How App Store Rankings Affect Developers and Gamers

An informal petition has been launched among iOS app developers, each stating their views on why Apple should remove its chart system from the App Store. Instapaper creator Marco Arment is one of the many voices pleading for Apple to remove the lists, and his reasoning is incredibly sound.

On his personal blog, Arment examines why Apple should remove top lists, but the major reasons are all generally common sense.

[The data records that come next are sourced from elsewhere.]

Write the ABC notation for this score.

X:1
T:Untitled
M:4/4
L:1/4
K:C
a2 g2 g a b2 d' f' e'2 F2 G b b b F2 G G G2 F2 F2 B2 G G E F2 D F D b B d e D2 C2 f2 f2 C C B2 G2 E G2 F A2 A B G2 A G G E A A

App developers compete for the few spots on the App Store’s top paid apps list, as this chart drives consumer downloads under the idea that “if it’s popular, it must be good.” In reality, this hive mind mentality only encourages developers to care less about the actual product they’re selling, and more about undercutting the competition to stay on top of the charts.

“Developers will optimize for whatever factor is being rewarded. The “top” list simply rewards developers for getting as many people as possible to buy or download the app once,” says Arment. “There’s no reason to optimize for longer-term satisfaction or higher engagement after purchase.”

This drive for the top spot hurts consumers who are often fooled by companies that pay to have their app’s popularity artificially inflated through fake downloads, but Quote-Unquote Apps’ John August goes one step further to detail how this practice hurts developers as well.

August’s example sees a developer pricing a $10 app for $1, just to earn that coveted place on the top app charts. “For that reason alone, you might pick that price even though you now have ten times the customers to support,” August says. “By pricing it for the masses, you’re dealing with the masses.”

For all of these reasons, August believes the best-selling charts shouldn’t be available to the public eye. “Charts encourage developers to focus on competitors rather than customers. So get rid of ‘em,” he says. In doing so, developers can get back to what matters over the long term: creating quality apps rather than flooding the store with clones that are downloaded once and never used again.